RapLyrics-Back
Part of the raplyrics.eu project: generate powerful AI-powered rap lyrics.
This repository contains:
- a hand-curated, human-cleaned rap lyrics dataset
- the implementation of a generative rnn model (based on minimaxir work)
- a custom generative function and a serving implementation
Getting started
Setup
Get the repo. Clone from GitHub:
$ git clone https://github.com/cyrilou242/RapLyrics-Back
Setup a virtualenv and install the required libraries.
Note: Make sure you have a python --version
== python3.6
otherwise some library (especially tensorflow
may not
be available or behave as expected)
$ cd RapLyrics-Back
$ mkvirtualenv --python `which python3.6` -r requirements.txt RapLyrics_Back
Train the model
The training is based on minimaxir's textgenrnn with small pre-processing tweaks. The development of this library is still active, you may want to use it instead of our fork:
$ rm -r textgenrnn
$ pip install textgenrnn
train.py contains the parameters and the path of the training dataset.
Have a look at it and launch your own training.
Don't change anything to train from the rap lyric dataset provided. This will create a word model and a char model.
Parameters available:
new_model: True to create a new model or False to train based on an existing one.
rnn_layers: Number of recurrent LSTM layers in the model (default: 2)
rnn_size: Number of cells in each LSTM layer (default: 128)
rnn_bidirectional: Whether to use Bidirectional LSTMs, which account for sequences both forwards and backwards. Recommended if the input text follows a specific schema. (default: False)
max_length: Maximum number of previous characters/words to use before predicting the next token. This value should be reduced for word-level models (default: 40)
max_words: Maximum number of words (by frequency) to consider for training (default: 10000)
dim_embeddings: Dimensionality of the character/word embeddings (default: 100)
num_epochs: number of epochs. (model is save at eah epoch by default)
word_level: Whether to train the model at the word level (default: False)
dropout: ratio of character to ignore on each sentence, may lead to better results. Don't use with word model
train_size: ratio to use as training set. The remaining ratio will make a validation set. Default is 1. (no validation set)

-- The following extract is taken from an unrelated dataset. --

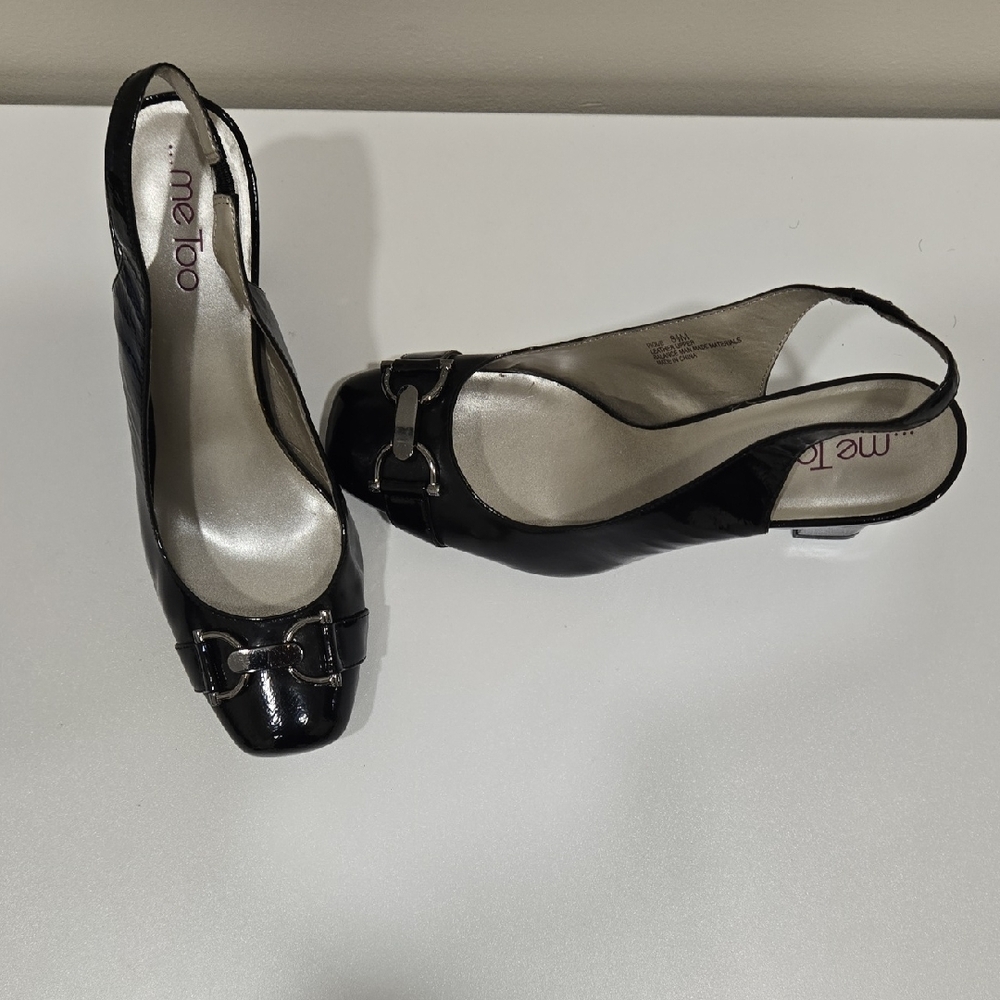 Me Too Glossy Black Slingback Heels - Picture 7 of 13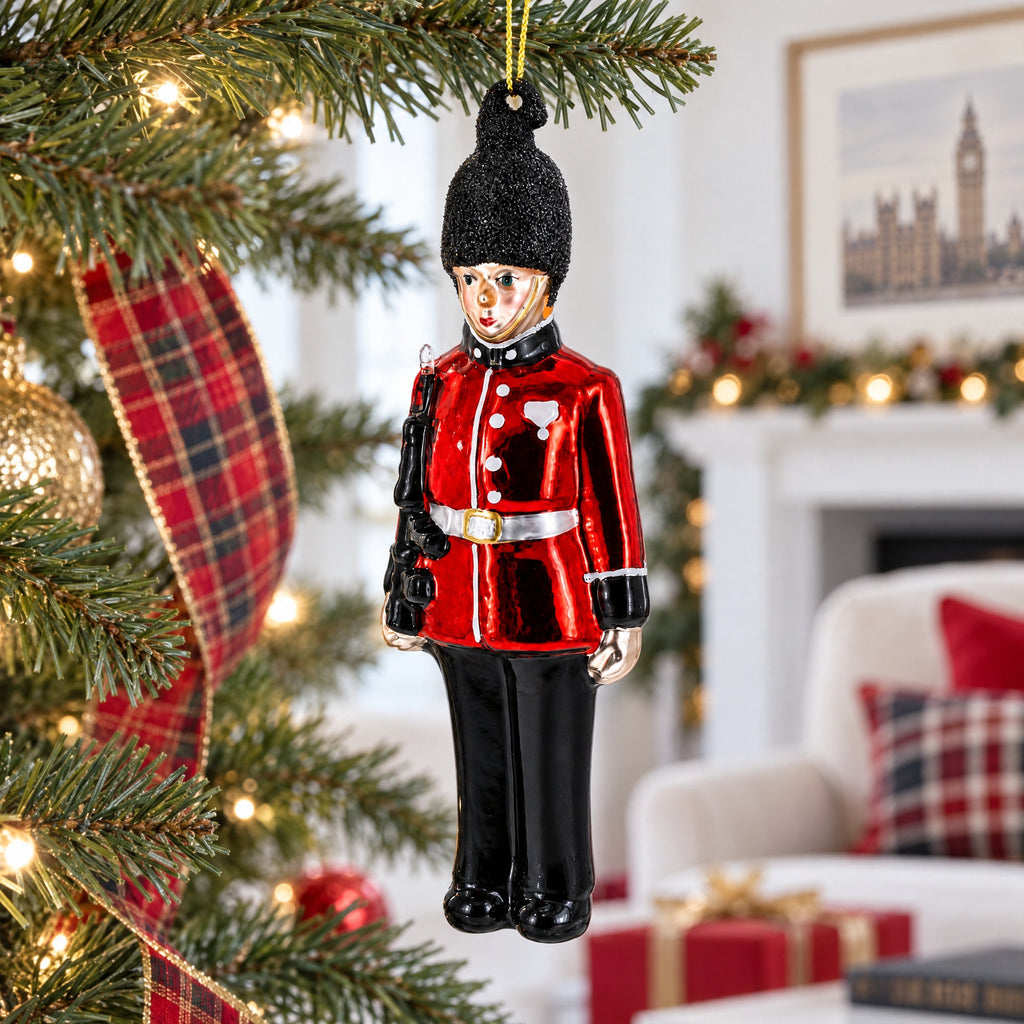 British Royal Guard British Glass Christmas Ornament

gen_epochs: during the training, a generation test will be made at each multiple of gen_epochs. Default is 1 (generation at each epoch)
max_gen_length: length of the generation during training
3 files will be generated by the training:
Model_name_config.json : parameters given for the training
Model_name_vocab.json : vocabulary of the dataset
Model_name_weights.hdf5 : model weights
Put these file in the weights folder.
Serve the model
The paths of the model files are defined in the first lines of server.py.
Change them to use your custom model.
The parameters of the custom generative function can also be tweaked.
(documentation fot this function will be issued in another document)
To test the serving, launch the development flask server:
$ python app.py
Make a request to the server in a different terminal:
$ curl '127.0.0.1:5000/apiUS' -X POST -H "Content-Type: application/x-www-form-urlencoded" -d "input=low life"
{"output":"low life down the whip\nand i don't mean it 'cause i never had a death\ni guess i have a story of the bitches change\nfor the life\nfor the life that i know will you get through\n'cause i don't give a fuck i got the way before i started inhale"}
For further serving in production, use a production WSGI server. We recommend gunicorn.
Next steps:
- Further researches and testing with character level models. Seems very promising.